Israel is “prepared for an extremely powerful action in the north” against Hezbollah, Prime Minister Benjamin Netanyahu warned Wednesday, citing the recent dramatic escalation of cross-border skirmishes, which have included Hezbollah drone attacks inside Israel and the shootdown of a heavy Israeli drone over Lebanese airspace last week.
“Anyone who thinks that they can harm us and that we will sit on our hands is sorely mistaken,” Netanyahu warned, speaking to media in the northern Israeli city of Kiryat Shmona, which has been evacuated of most of its civilian population amid the fighting.
“Iran is trying to choke us and encircle us and we are fighting back directly and with its proxies. We can’t accept the continuation of the situation in the north, it won’t continue. We will return the residents to their homes and bring back security,” Netanyahu assured, referencing the Iran-led Axis of Resistance alliance, which includes Hezbollah in Lebanon, Syria, Iraqi Shia militias, and Yemen’s Houthi fighters.
Israeli Army Radio reported this week that the government had approved the call-up of an additional 50,000 reservists in preparation of a possible escalation with Hezbollah. US and Middle Eastern media have braced for a full-scale all-out conflict between Israel and the Lebanese militia.
But whatever superficial similarities may appear to exist between Hezbollah and Palestinian militant group Hamas, which has managed to bog down Israel’s army using a Spartan combination of rifles, man-portable anti-tank missiles and simple rockets assembled in underground garages, political and military observers the world over agree that the Lebanese group is far, far stronger.
Hardened by years of running battles against the Israeli military and with US-sponsored terrorist proxies in Syria beginning in 2012, Hezbollah, unlike Hamas, also has access to an array of sophisticated missiles and rockets, which observers in Washington estimate to number up to 200,000 – enough to overwhelm Israel’s powerful air and missile defense network.
“Israel has threatened to start a military operation on the border with Lebanon because Hezbollah has been demonstrating growing sophistication and surprising capacities, driving Israel increasingly at unease and confusion about expectations on the northern front,” Dr.

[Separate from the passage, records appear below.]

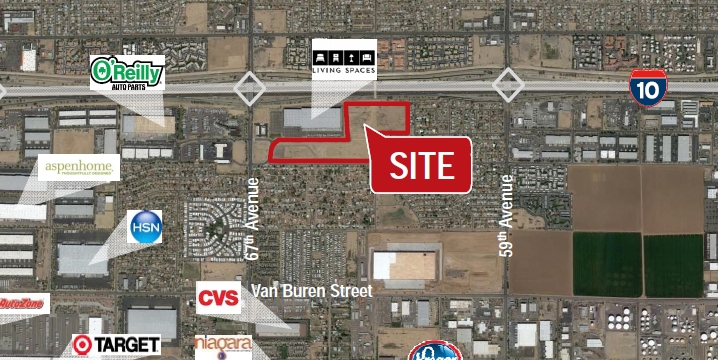 SEC 67th Ave & I-10, Phoenix, AZ for rent - Aerial - Image 2 of 3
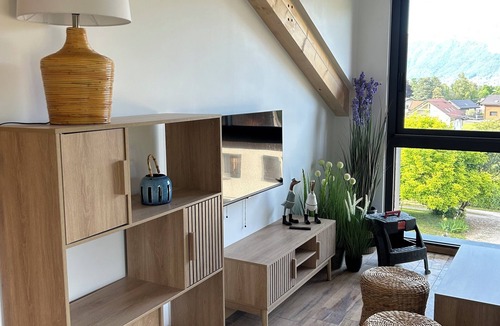 Saint-Jorioz Apartment | Luxury F 2 apartment with view and bacon Villa Altitude 597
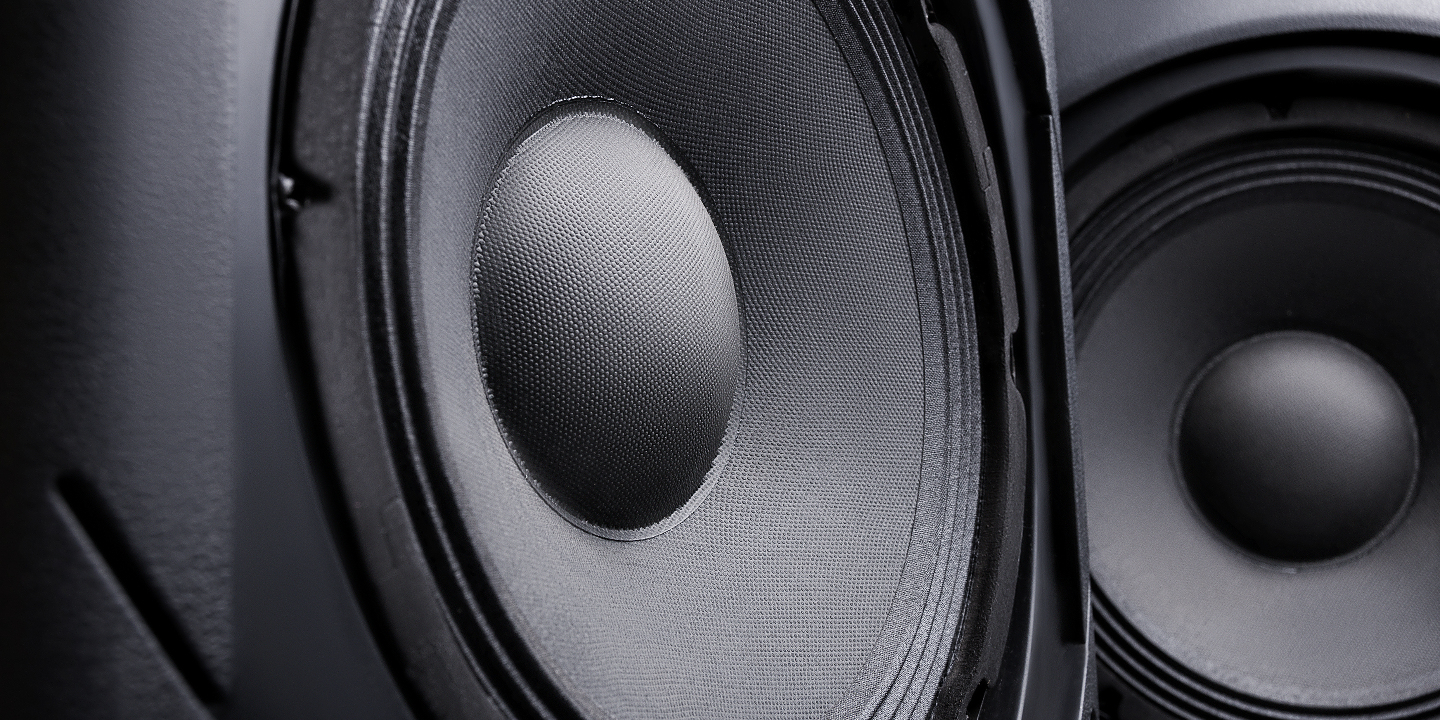 Black speaker cones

Imad Salamey, an associate professor of political science and international affairs at the Lebanese American University, told Sputnik, commenting on the rising tensions between Israel and the militia.
Israel can attack many Hezbollah targets at once and cause significant damage, but cannot remove or even dramatically reduce the militia’s capabilities, “which are widespread and mobile,” the observer noted.
“If Israel aims to seriously undermine Hezbollah, it would involve many years of operations to destroy infrastructure and weapons, push fighters out of the south, and cut off supply routes from Syria. Israel will not be able to achieve this fully,” Salamey stressed.
On top of that, the academic warned that “the threat of spillover is quite high, potentially implicating much of the Quds Brigade in Syria and Iraq, resulting in Israel fighting on multiple and wide fronts.”
That’s not the outcome Tel Aviv would hope for, according to Salamey, with Israeli officials and military leaders typically looking “for a quick military achievement with ambitious goals,” which, if that fails, prompts the IDF to resort to “collective punishment targeting civilians, which is the most likely scenario in this case.”
“The potential conflict will result in major losses on both sides without a decisive victory. However, Iran will likely emerge as a major winner, asserting its regional role in any future political settlements,” Dr. Salamey believes.
Hezbollah and Israel fought their last major war in July-August 2006, during which the IDF leveled much of Beirut’s infrastructure and caused up to $5 billion in direct war damage and lost output and income. Hezbollah emerged largely unscathed, however, with about 1,000 of its fighters facing off against between 10,000-30,000 Israeli troops in southern Lebanon, losing about 250 men while killing 121 Israeli servicemen and injuring over 1,200 others.
That conflict has been described even by Western mainstream observers as a loss for Israel, with Israel’s armed forces said to have been given a “bloody nose” and suffering reputational costs which Tel Aviv has proven unable to recover from to this day.